Using three separate cultural influences, a Spanish style home is composed of characteristics of Adobe Indian Pueblo, Spanish mission and Mediterranean accents. Often referred to as Spanish colonial revival, Hispanic or Spanish eclectic, this style is commonly found in the Southwestern United States.
Adobe Indian Pueblo
The Adobe Indians first used sun-dried building blocks covered with mud to build Pueblos. Flat roofs, deep door openings and windows and benches that protrude from walls are common features.
The Spanish adopted the Pueblo features and created their own designs, often mimicking mission churches that featured red tile roofs, rounded windows and smooth stucco siding.

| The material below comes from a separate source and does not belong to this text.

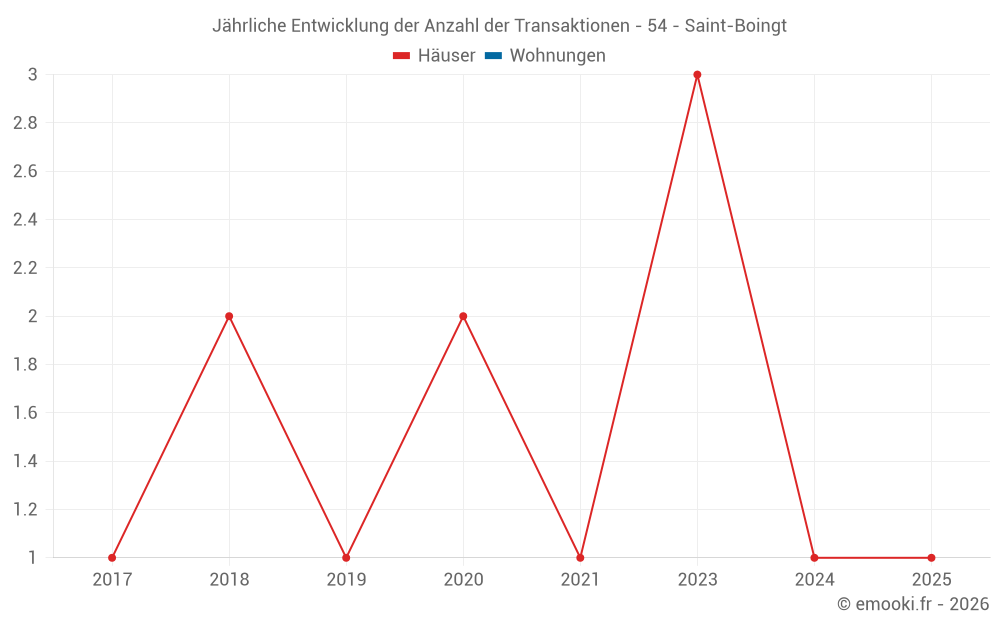 Jährliche Entwicklung der Anzahl der Transaktionen - 54 - Saint-Boingt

Mediterranean or hacienda style homes are often characterized by two stories and high ceilings which are usually accented with rough-hewn beams. Courtyards and garden walls with lots of stone and brick dominate outdoor areas.
Creating a Blend
Spanish Pueblo, mission style and Mediterranean homes began to blend with one another during the early 1900s in the Southwest United States. The red tile roofs, smooth stucco siding and deep door openings of the Spanish themes blended with Mediterranean arches, balconies and wrought iron detail.
Architect Bertram Grosvenor Goodhue is noted for bringing this style to California in celebration of the opening of the Panama Canal in 1915. It was at this time that San Diego became a port of call and a new style was desired apart from the normal Renaissance flavor to add a festive atmosphere.